In a recent post, we mentioned that the 24-month timeline for the purchase of delinquent loans out of pools implied that this activity would not pick up until April 2020[1]. However, some leading indicator of loan disposition was available through the release of trial modification data in the Borrower Assistance Plan (BAP) field released in the monthly Agency disclosures. Once loans have completed three months of successful payments in this plan, they are eligible to be purchased out for the commencement of a permanent modification, and eventual resecuritization.
​
A loan in trial modification plan (trial mod) can transit into the following state the next month:
  1. Mortgagor payoff: this is an unlikely outcome, as loans in trial mod are troubled loans.

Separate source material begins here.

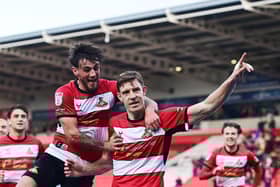Doncaster Rovers pair Joe Ironside and Tom Nixon celebrate a goal.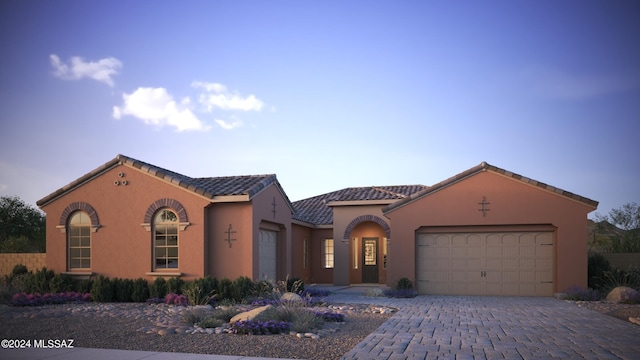 mediterranean / spanish-style home featuring a garage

  2. Repurchase: Being repurchased out of the pool --- this typically should not happen after giving the loan 3 months in the trial.
  3. Forbearance: also unlikely, most loans in trial mod should have used forbearance plan already.
  4. Trial Period Plan: loans in trial mod for just 1 or 2 months should stay in trial mod for a least another month.
  5. No Plan: trial mod terminated however did not result in a repurchase immediately.
  6. Other or N/A: status not available.

The number of loans in these programs continues to grow, standing at 37,957 in February 2022, with a balance of about $8.3 billion, up from 9,911 and $2.1 billion in March 2021. The evolution of the disposition of loans is shown in the following chart:
Picture
Run Underlying Query
From April to October 2021, the share of loans that stayed in a trial mod grew modestly from 55%-60%, before sharply rising in November to 66%, due to more loans entering trial mod plan the very first month. Over the same period, the share of repurchases was steady near 26%, then dipped to 20% in November, but recently reached 31% as more loans in temporary mod programs graduate to permanent status.

Few trial mods, so far, are failing to achieve their goals as the share going back to a state of forbearance has dipped from 6.3% last September to 1.7% in February 2022.
​
A further interesting question is whether the patterns described above vary between Fannie Mae and Freddie Mac. First, Freddie Mac’s share of all GSE loans in trial mods has lagged that of Fannie Mae, falling sharply from 40% in the first half of last year down to 27% in December 2021 before rebounding sharply back to 40% in February 2020. Note that 40% is very close to Freddie Mac’s share in the GSE market.
Picture
Run Underlying Query
​As more loans in trial mods get bought out of pools, involuntary prepayments will rise, leading to higher overall CPRs. The dynamic between the GSEs is interesting, and it will be interesting to see any pricing distinction develops in UMBS pools with different Agency shares.